El gran director mexicano reinventa el clásico de Shelley articulando humanidad, horror y una sórdida belleza. Una propuesta que invita a repensar quién es el verdadero monstruo.

La trama se abre en 1857, en un Ártico desolado donde un barco encallado intenta resistir el hielo. Allí, la tripulación encuentra a un exhausto doctor Víctor Frankenstein (Oscar Isaac), poco antes de que su creación irrumpa con una fuerza brutal, desatando un prólogo de acción y efectos visuales que roza lo operístico.
A partir de esa secuencia inicial, el relato retrocede para reconstruir el camino del joven científico: sus tensiones con su padre Leopold (Charles Dance), la muerte de su madre y la necesidad y el deseo obsesivo de desafiar a la muerte.
Ese impulso lo lleva a convertirse en un médico innovador, alentado —y financiado— por Harlander (Christoph Waltz), un comerciante de armas que ve en sus experimentos una esperanza. Cuando finalmente logra insuflar vida a su criatura, el horror cede lugar a la culpa y a la pregunta moral que sobrevuela toda la obra: ¿quién es el verdadero monstruo, el creador o su creación?
Del Toro transforma el relato de Shelley en un ensayo sobre la condición humana. Más allá del terror gótico, lo que propone es un espejo de las propias ansias del hombre por la trascendencia. La película contrapone la inocencia doliente del ser ensamblado con los cadáveres de otros, frente a la soberbia racional de su creador. En esa tensión late el gran tema del film: la imposibilidad de dominar la vida y asumir su finitud.
Oscar Isaac entrega una interpretación contenida, marcada por la ambigüedad moral de su personaje. A su lado, Felix Kammerer —William, el hermano menor— aporta un contrapunto de humanidad que equilibra la oscuridad del relato. Mia Goth, en el papel de Elizabeth, introduce una sensualidad inquietante que conecta con la criatura más allá del miedo. Si bien su arco narrativo podría haber tenido un mayor desarrollo, funciona como catalizador del drama interior de Frankenstein.

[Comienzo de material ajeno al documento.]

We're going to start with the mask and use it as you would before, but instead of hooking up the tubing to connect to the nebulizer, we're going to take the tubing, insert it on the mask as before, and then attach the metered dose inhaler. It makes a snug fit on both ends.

El gran hallazgo actoral recae en Jacob Elordi, quien da vida a la criatura. Su interpretación conmueve por la mezcla de brutalidad y vulnerabilidad: detrás de la aspecto físico emerge una ternura trágica que recuerda al Fauno o al Hombre Anfibio de La forma del agua. Elordi logra que cada mirada, cada gesto torpe, revele una humanidad que su creador ha perdido.

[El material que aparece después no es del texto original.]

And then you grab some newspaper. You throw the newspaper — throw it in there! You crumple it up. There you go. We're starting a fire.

Visualmente, Frankenstein es pura fantasía. La dirección de arte y el vestuario de época refuerzan la estética neogótica característica de Del Toro, mientras la fotografía juega con contrastes de luces y sombras que evocan los grabados románticos del siglo XIX. La banda sonora de Alexandre Desplat, discreta pero envolvente, amplifica el tono melancólico de la obra y acompaña las escenas de tensión con precisión quirúrgica.
Aunque algunos tramos pueden sentirse extensos —el metraje supera las dos horas y media—, la película sostiene su intensidad gracias a un guion que equilibra el drama introspectivo con secuencias de gran espectacularidad. Del Toro evita el terror clásico y apuesta por una tragedia moral que dialoga con su filmografía previa, donde los monstruos encarnan lo más puro del alma humana.
Con más de dos siglos de historia, Frankenstein sigue siendo una fábula sobre los límites de la ciencia y el peso de la creación. En manos de Guillermo del Toro, se convierte además en una meditación visual sobre la soledad, la pérdida y el deseo de redención. No es solo una nueva adaptación: es una elegía sobre lo que significa ser humano en un mundo que castiga cada vez con mayor crueldad a lo diferente.
En esta versión, el monstruo no aterra: conmueve. Y Del Toro, una vez más, recuerda que los verdaderos horrores no nacen en los laboratorios, sino en el corazón de quienes se niegan a ver belleza en lo imperfecto.
Dirección y guion: Guillermo del Toro. Elenco: Oscar Isaac, Jacob Elordi, Christoph Waltz, Mia Goth, Felix Kammerer, Charles Dance, David Bradley, Lars Mikkelsen y Christian Convery.
En cines. Disponible en Netflix a partir del 7 de noviembre.